TO DO: For this exercise, reproduce the entries below exactly, but only from the line containing "Mittoshop Mini Dress" through the line containing "MA license plate 9JU060", both included.

DATA FOR PROCESSING:

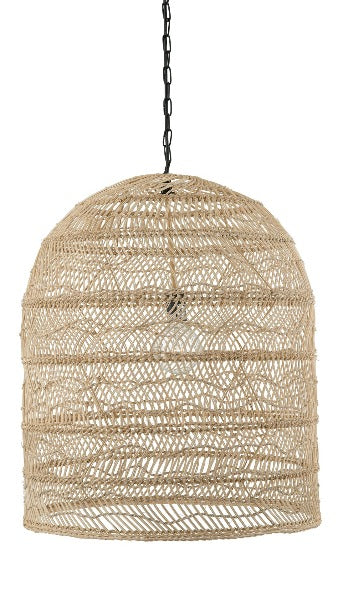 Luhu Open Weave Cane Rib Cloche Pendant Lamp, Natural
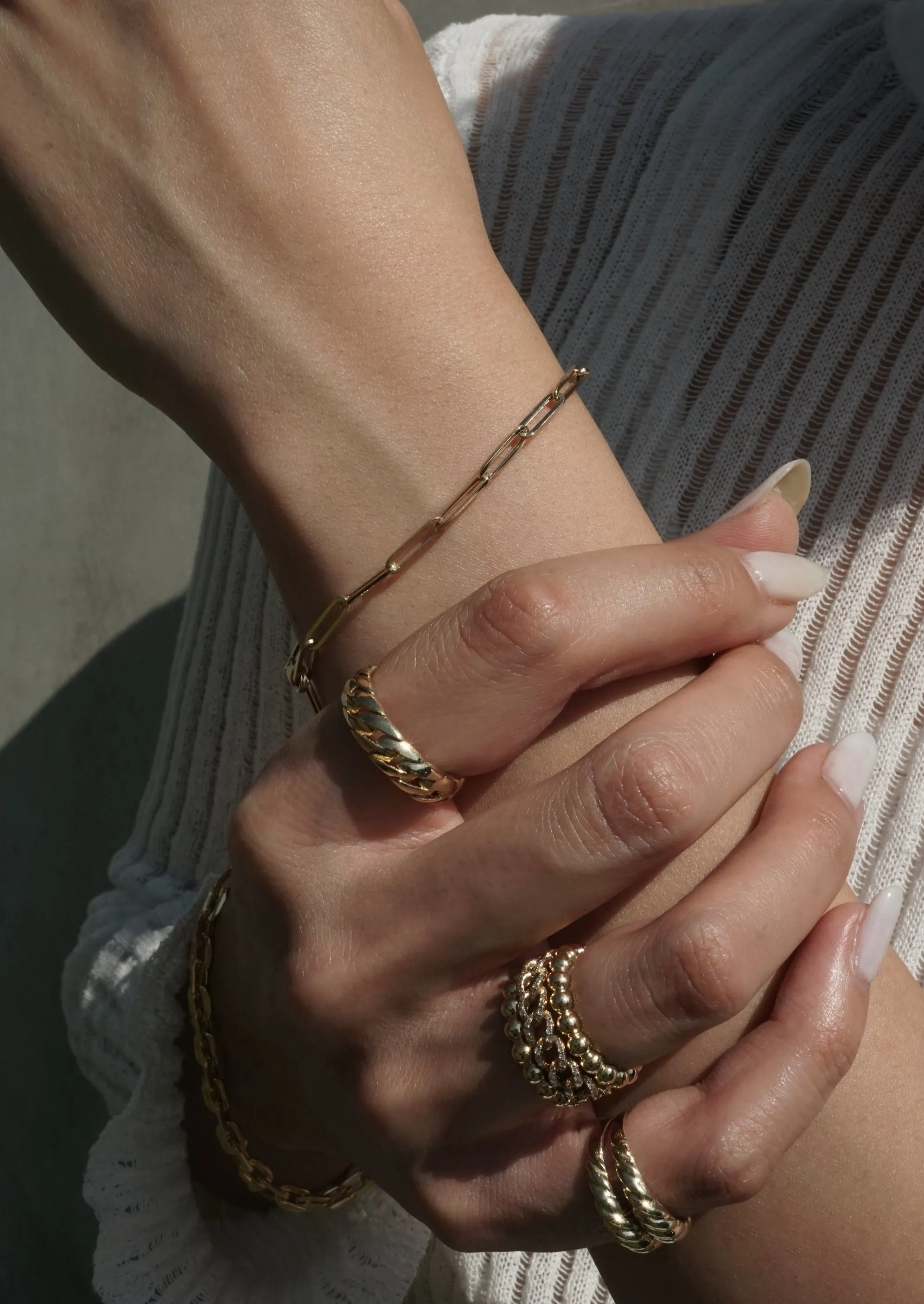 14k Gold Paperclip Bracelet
* * *
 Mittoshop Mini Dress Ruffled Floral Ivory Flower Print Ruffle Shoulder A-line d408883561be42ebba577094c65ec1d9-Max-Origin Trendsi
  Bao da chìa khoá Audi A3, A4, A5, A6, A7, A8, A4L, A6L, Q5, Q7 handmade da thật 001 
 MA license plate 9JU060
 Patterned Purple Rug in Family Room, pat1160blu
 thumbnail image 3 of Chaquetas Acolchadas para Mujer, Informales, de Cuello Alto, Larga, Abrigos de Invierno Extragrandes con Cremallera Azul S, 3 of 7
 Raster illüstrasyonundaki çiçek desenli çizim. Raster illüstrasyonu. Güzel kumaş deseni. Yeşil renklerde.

ANSWER TO THIS TASK:
 Mittoshop Mini Dress Ruffled Floral Ivory Flower Print Ruffle Shoulder A-line d408883561be42ebba577094c65ec1d9-Max-Origin Trendsi
  Bao da chìa khoá Audi A3, A4, A5, A6, A7, A8, A4L, A6L, Q5, Q7 handmade da thật 001 
 MA license plate 9JU060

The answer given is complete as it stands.